→ Problem details
Start the copy at the line containing "Maxbell Waterproof Dry" and run it through the last line of the records. Repeat each line exactly; omit pictures.

→ Records to process
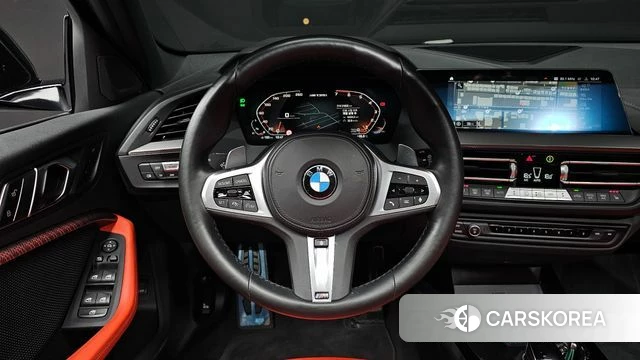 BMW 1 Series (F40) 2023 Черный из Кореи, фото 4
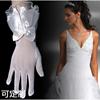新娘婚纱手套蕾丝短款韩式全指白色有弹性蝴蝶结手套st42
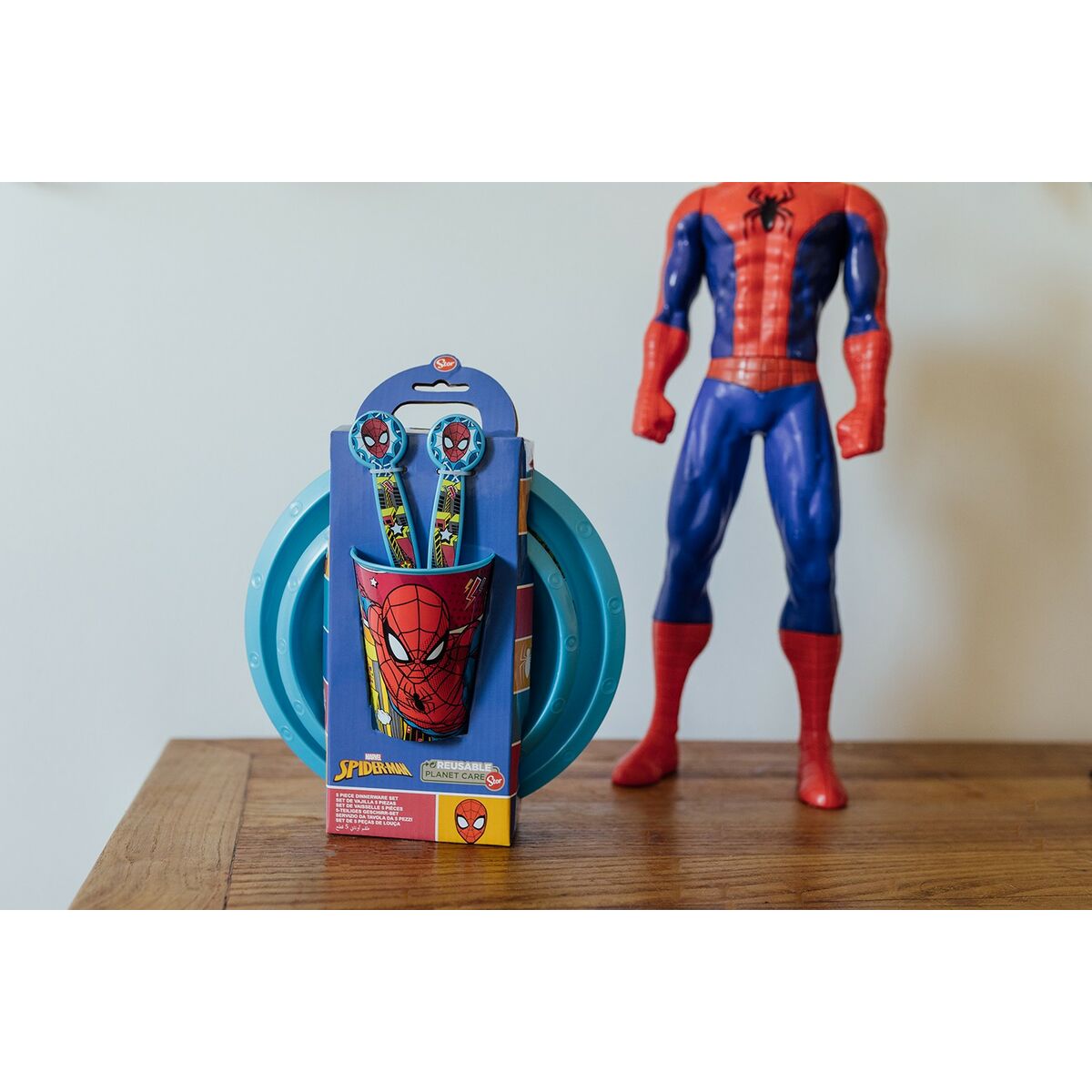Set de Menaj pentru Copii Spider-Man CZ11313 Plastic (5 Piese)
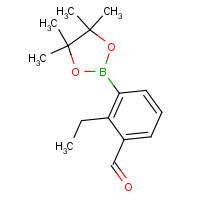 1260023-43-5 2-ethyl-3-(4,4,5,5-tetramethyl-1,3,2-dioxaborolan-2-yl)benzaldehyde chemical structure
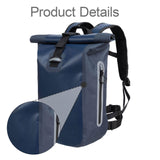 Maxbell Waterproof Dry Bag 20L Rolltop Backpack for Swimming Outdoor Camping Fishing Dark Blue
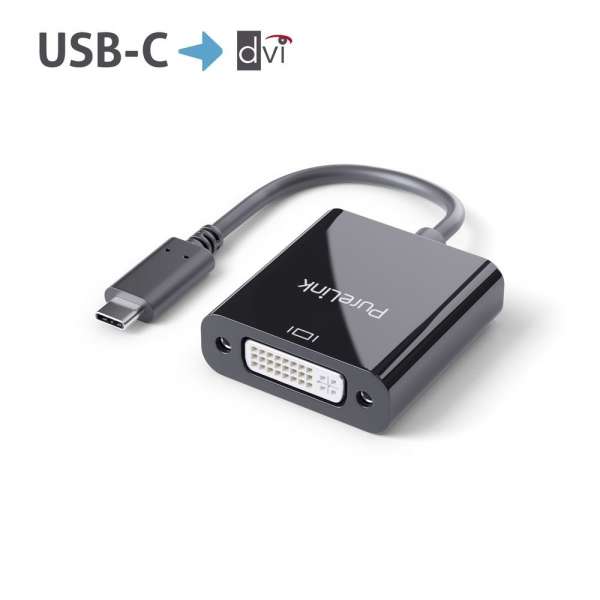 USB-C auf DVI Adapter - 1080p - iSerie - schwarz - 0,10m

→ Answer below
 Maxbell Waterproof Dry Bag 20L Rolltop Backpack for Swimming Outdoor Camping Fishing Dark Blue
 USB-C auf DVI Adapter - 1080p - iSerie - schwarz - 0,10m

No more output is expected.